WLCG Management Board

Date/Time

Tuesday 21 April 2009 –MB Meeting - 16:00-17:00

Agenda

http://indico.cern.ch/conferenceDisplay.py?confId=55735

Members

http://lcg.web.cern.ch/LCG/Boards/MB/mb-members.html

 

(Version 1 – 26.4.2009)

Participants

A.Aimar (notes), O.Barring, I.Bird (chair), K.Bos, D.Britton, T.Cass, Ph.Charpentier, L.Dell’Agnello, M.Ernst, I.Fisk, Qin Gang, J.Gordon, A.Heiss, F.Hernandez, M.Lamanna, G.Merino, A.Pace, R.Pordes, H.Renshall, M.Schulz, Y.Schutz, R.Tafirout, J.Templon

Invited

R.Wartel

Action List

https://twiki.cern.ch/twiki/bin/view/LCG/MbActionList

Mailing List Archive

https://mmm.cern.ch/public/archive-list/w/worldwide-lcg-management-board/

Next Meeting

Tuesday 28 April 2009 16:00-17:00 – Phone Meeting

1.   Minutes and Matters Arising (Minutes)

 

1.1      Minutes of Previous Meeting

The minutes of the previous MB meeting were approved.

 

2.   Action List Review (List of actions) 

 

  • VOBoxes SLAs:
    • CMS: Several SLAs still to approve (ASGC, IN2P3, CERN and PIC).
    • ALICE: Still to approve the SLA with NDGF. Comments exchanged with NL-T1.
  • 16 Dec 2008 - Sites requested clarification on the data flows and rates from the Experiments. The best is to have information in the form provided by the Data flows from the Experiments. Dataflow from LHCb

The Experiments agreed to present their dataflow and rates at May’s GDB.

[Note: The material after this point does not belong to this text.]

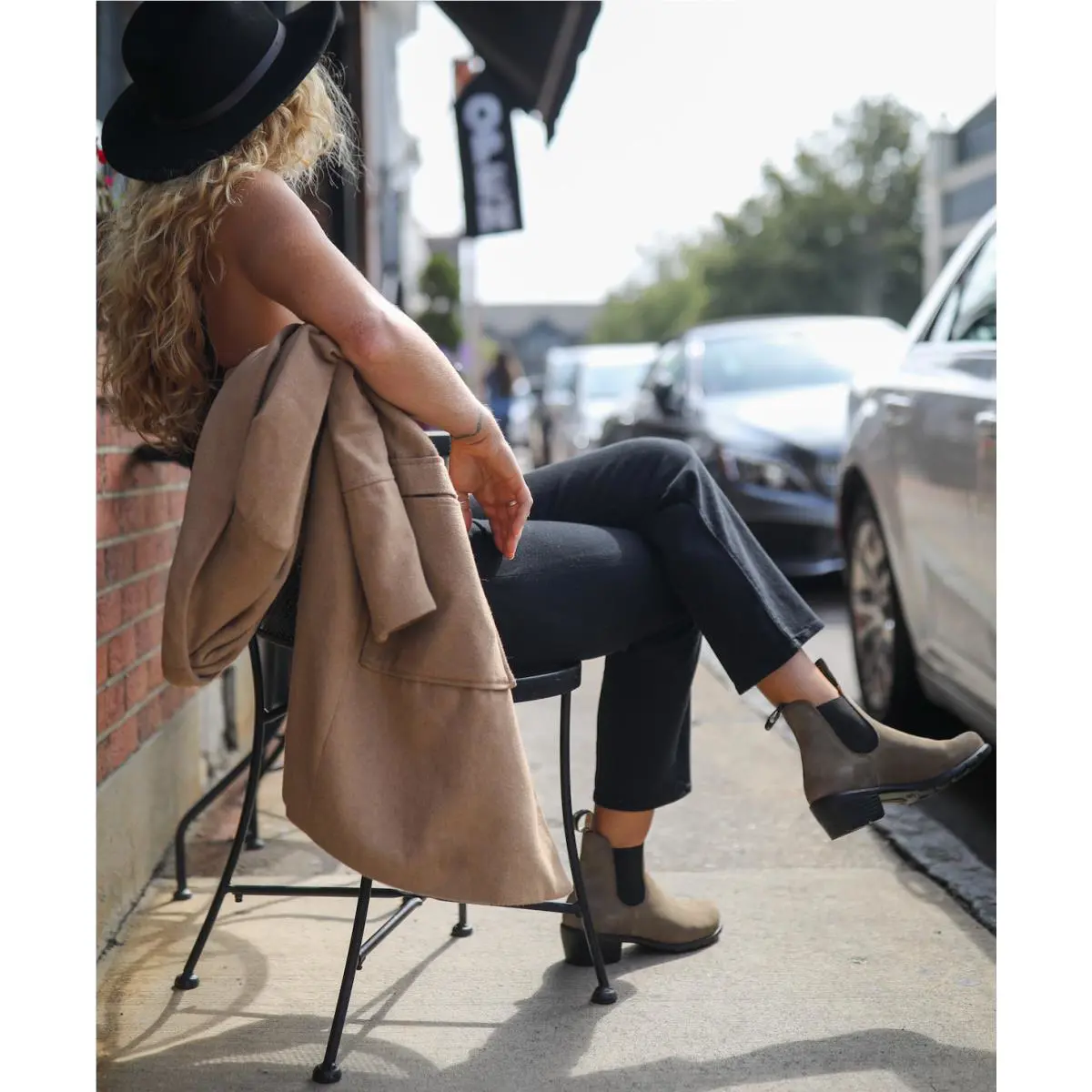 Blundstone shoes - Women`s Heeled (Feminine Toe) - Heeled Feminine Toe - 1672-Antique Taupe Supple Leather, Manufacturer: several colors 33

  • M.Schulz will summarize the situation of the User Analysis WG in an email to the WLCG MB.

Not done.

  • .Bird will look for the chairperson and also distribute a proposal for the mandate of the WLCG Technical Forum and reminding the GDB’s mandate.

Will be for next week.

  • 14 Apr 2009 - CNAF reports on how they plan to handle the security incidents report and periodic tests

L.Dell’Agnello summarized the phone call with R.Wartel discussing CNAF failing the recent test alarms. The decision is that CNAF’s local operators and grid managers are going to be trained in order to cover future grid incidents. A written procedure is going to be made available to the people involved and CNAF will internally simulate the test alarms.

I.Bird asked whether the Security team intends to re-run the challenges.
R.Wartel replied that a new campaign will be launched later in 2009, but not in the coming months. He added that in particular CNAF needs clearer contact points for security issues and internal grid security procedures.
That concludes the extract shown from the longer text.